Your instructions
The task calls for the lines below from the line with "1/ Right eye" to the line with "Fanny Valera Velásquez-128", both ends included, copied exactly, without any pictures.

Given records Start Marker

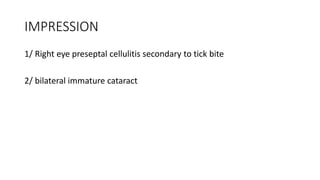 IMPRESSION
1/ Right eye preseptal cellulitis secondary to tick bite
2/ bilateral immature cataract
 
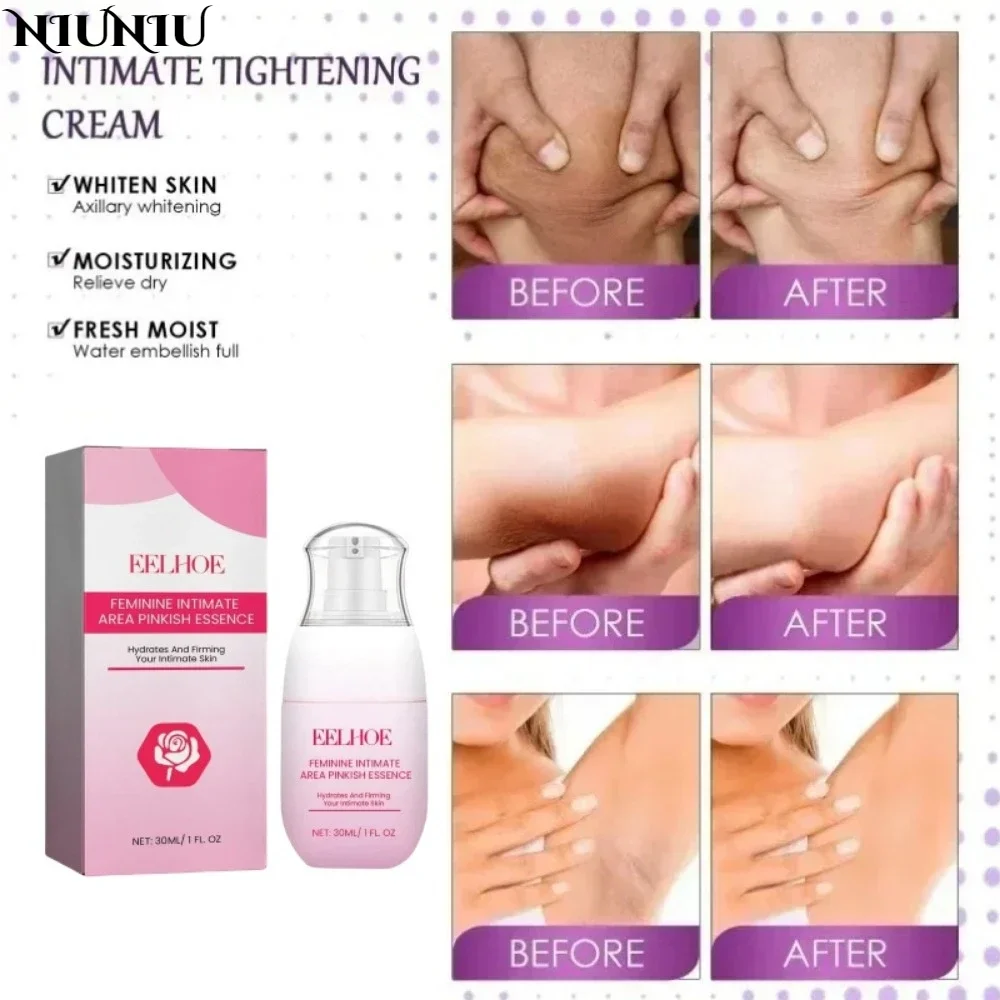 Women Armpit Lightening Cream Brightening Body Bleaching Cream Hand Knuckles Private Parts Brightening Emulsion Korean Skin Care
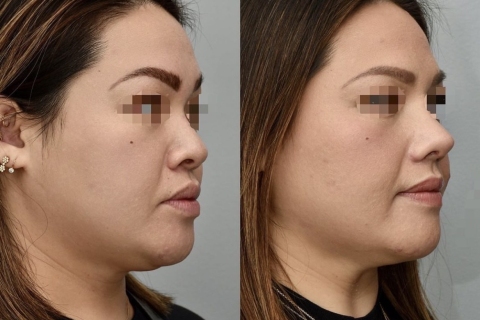 rhinoplasty with rib
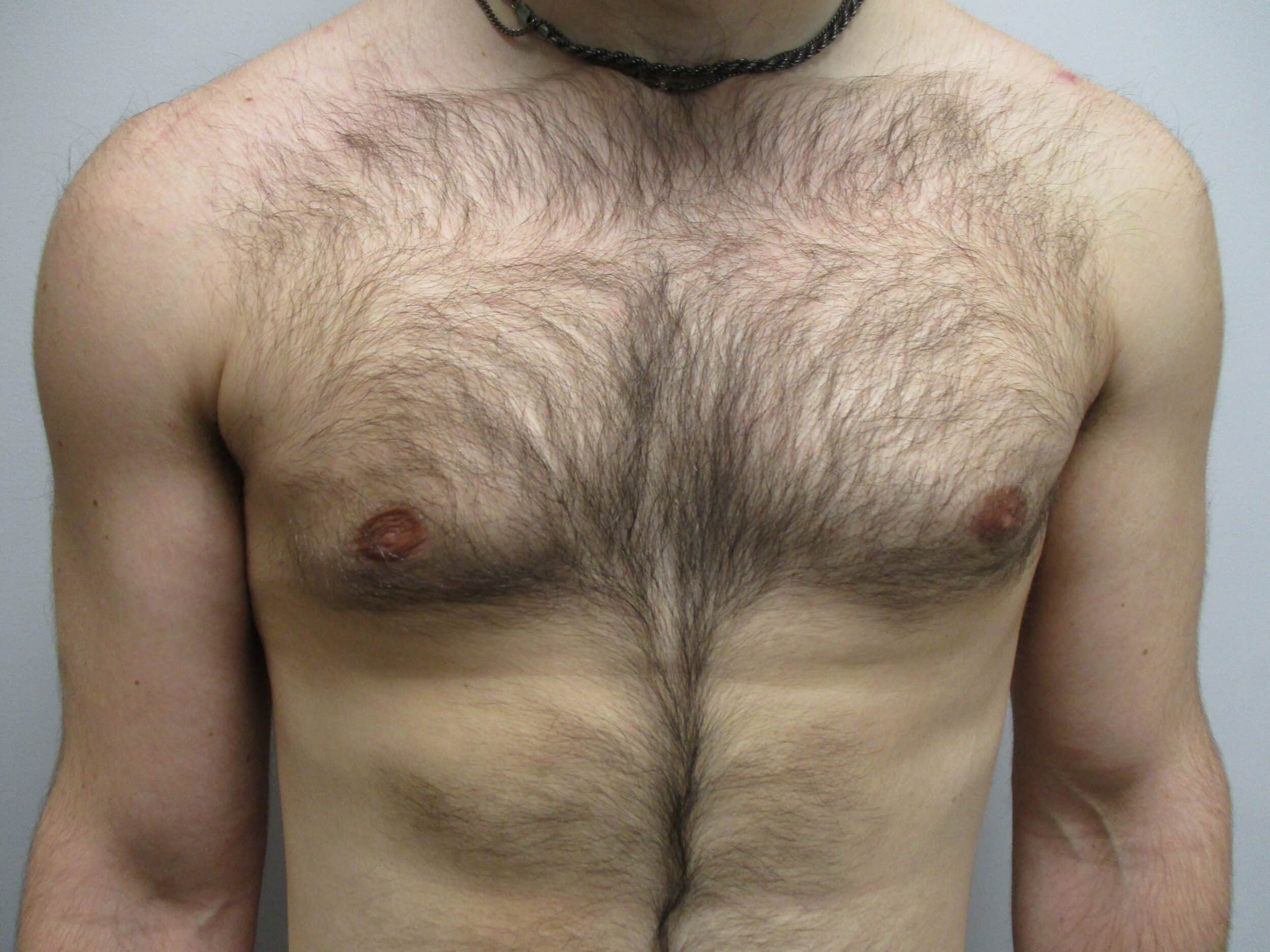 After Image: Patient 22908 - front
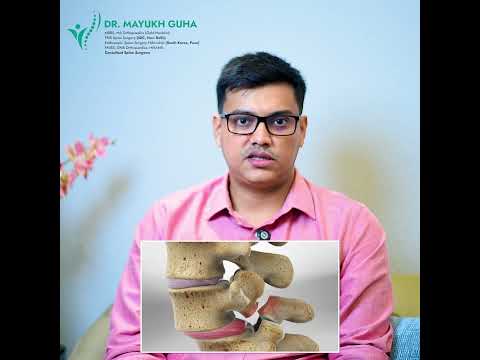 Do You Really Need Screws in Spine Surgery?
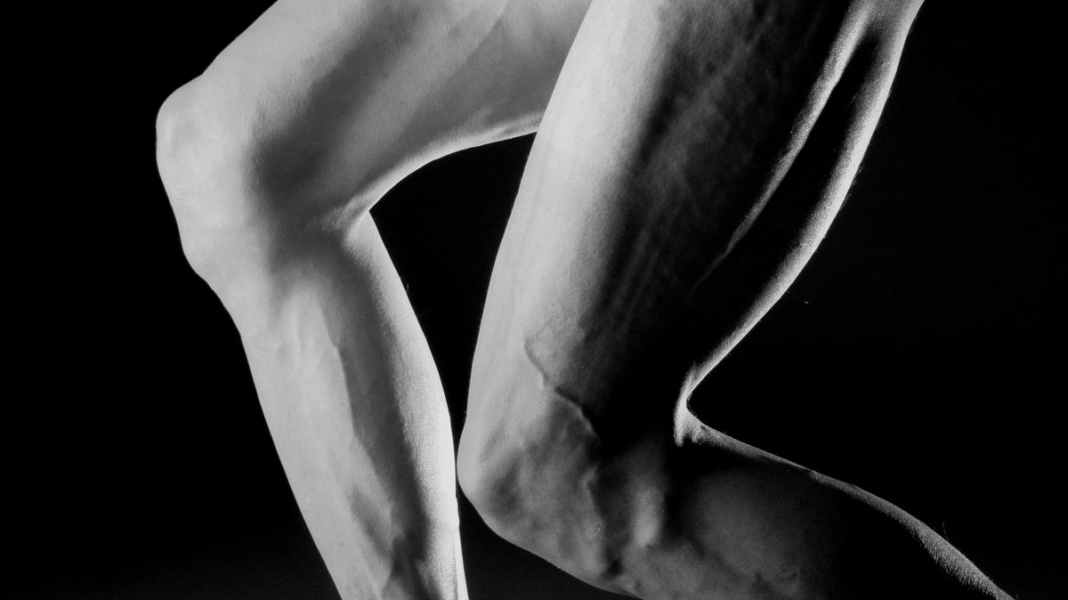Kniebeschwerden: Patellaspitzensyndrom - Rennrad-Pause wegen Patellaspitzensyndrom?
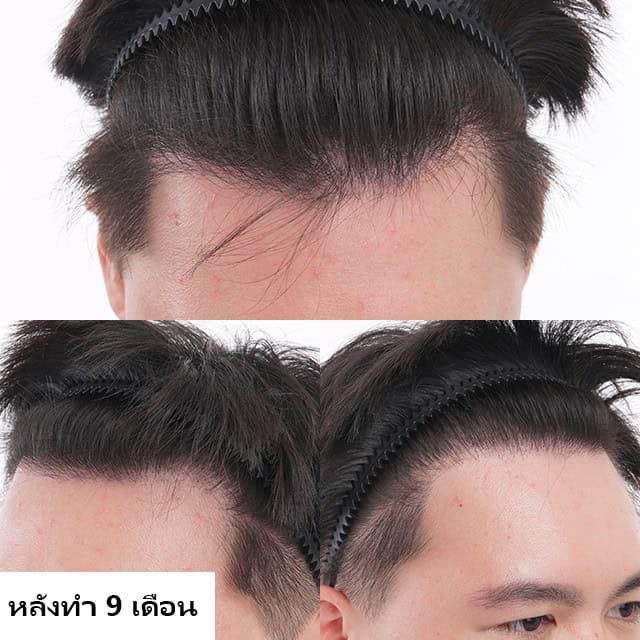 ปลูกผม หัวล้าน ผมบาง หมอธิติวัฒน์ เมโกะ MHCคุณวิกรม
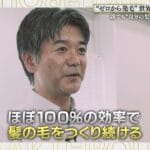 俺の髪の毛が帰ってきた？最新の毛髪再生医療ｗｗｗ
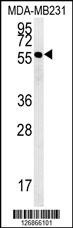 RAB11FIP2 Antibody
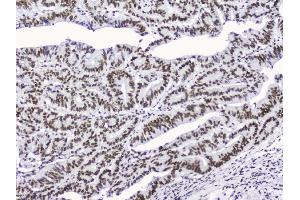 IHC analysis of nmt55/p54nrb using anti-nmt55/p54nrb antibody (ABIN3044530).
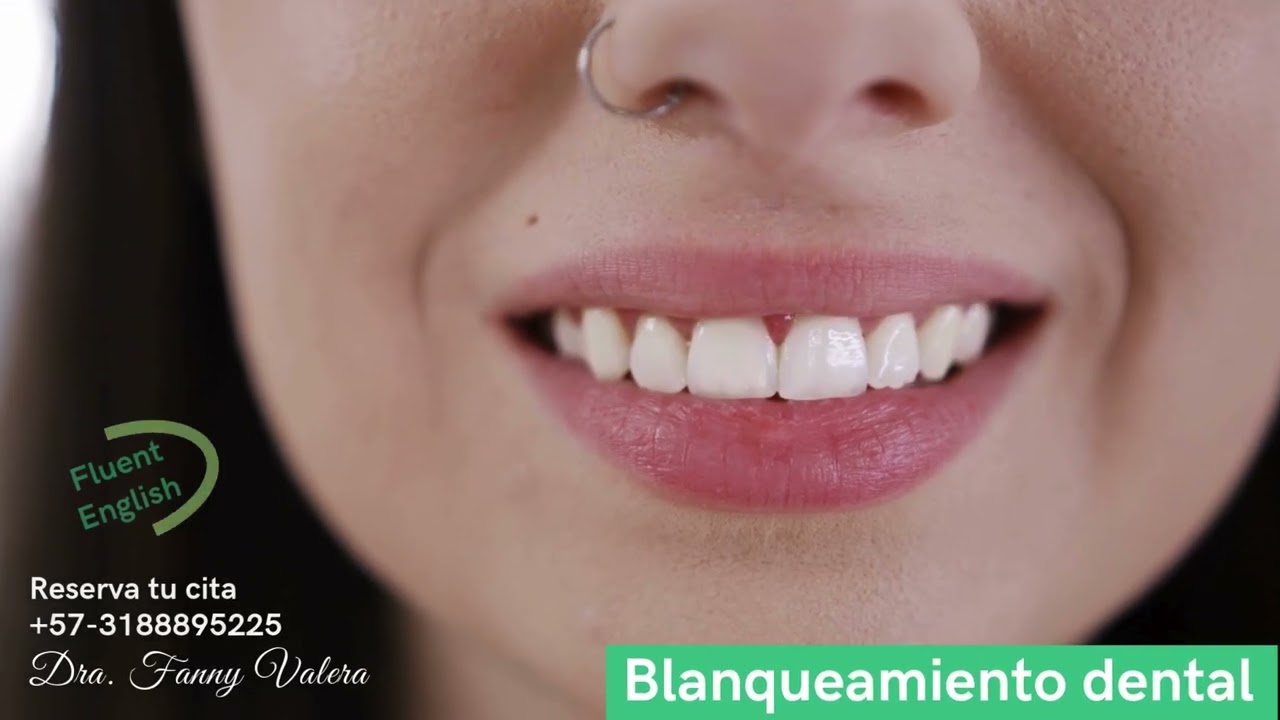 Fanny Valera Velásquez-128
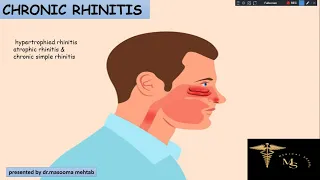 CHRONIC RHINITIS (Simple chronic rhinitis, hypertrophied rhinitis & atrophic rhinitis)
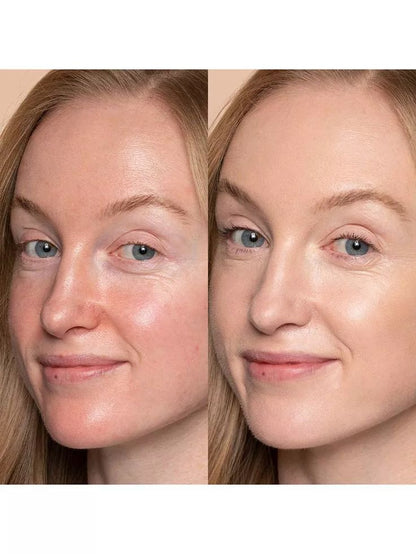 （✨LAST DAY 65 % OFF✨）ANTI-WRINKLE SKINCARE SET Eye Cream + Neck Cream-Perfect Duo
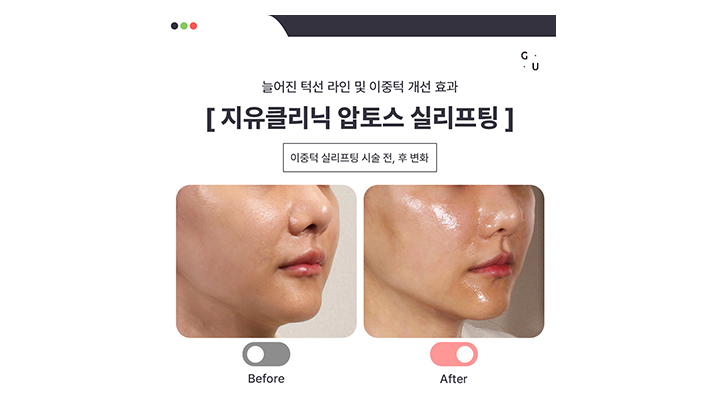 압토스 실리프팅, 후기만으로 결과를 평가해선 안됩니다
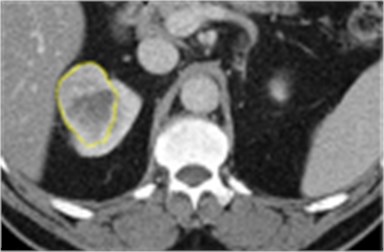 The tumor in the right kidney which had the PBRM1 mutation is indicated by the yellow contour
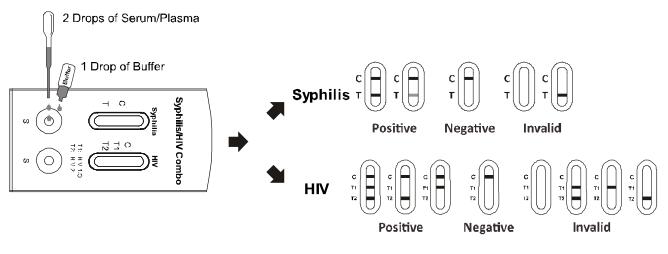 Enfermedad infecciosa de los equipos rápidos combinados de la prueba de la sífilis/VIH 1.2.O de AllTest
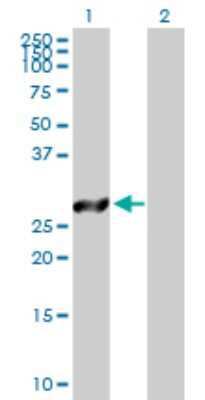 Western Blot: TSSK6 Antibody [H00083983-D01P]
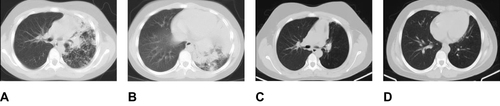 Figure 1 Chest computed tomography (CT) scan before and after anti-tuberculosis treatment and interventional treatment. (A and B) Segmental infiltration and consolidation in the left lung and apparent stenosis of the left main bronchus before treatment, (C and D) Improvement of left bronchus stenosis and infiltration absorption observed after therapy.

Given records End Marker

The answer
1/ Right eye preseptal cellulitis secondary to tick bite
2/ bilateral immature cataract
 
 Women Armpit Lightening Cream Brightening Body Bleaching Cream Hand Knuckles Private Parts Brightening Emulsion Korean Skin Care
 rhinoplasty with rib
 After Image: Patient 22908 - front
 Do You Really Need Screws in Spine Surgery?
Kniebeschwerden: Patellaspitzensyndrom - Rennrad-Pause wegen Patellaspitzensyndrom?
 ปลูกผม หัวล้าน ผมบาง หมอธิติวัฒน์ เมโกะ MHCคุณวิกรม
 俺の髪の毛が帰ってきた？最新の毛髪再生医療ｗｗｗ
 RAB11FIP2 Antibody
 IHC analysis of nmt55/p54nrb using anti-nmt55/p54nrb antibody (ABIN3044530).
 Fanny Valera Velásquez-128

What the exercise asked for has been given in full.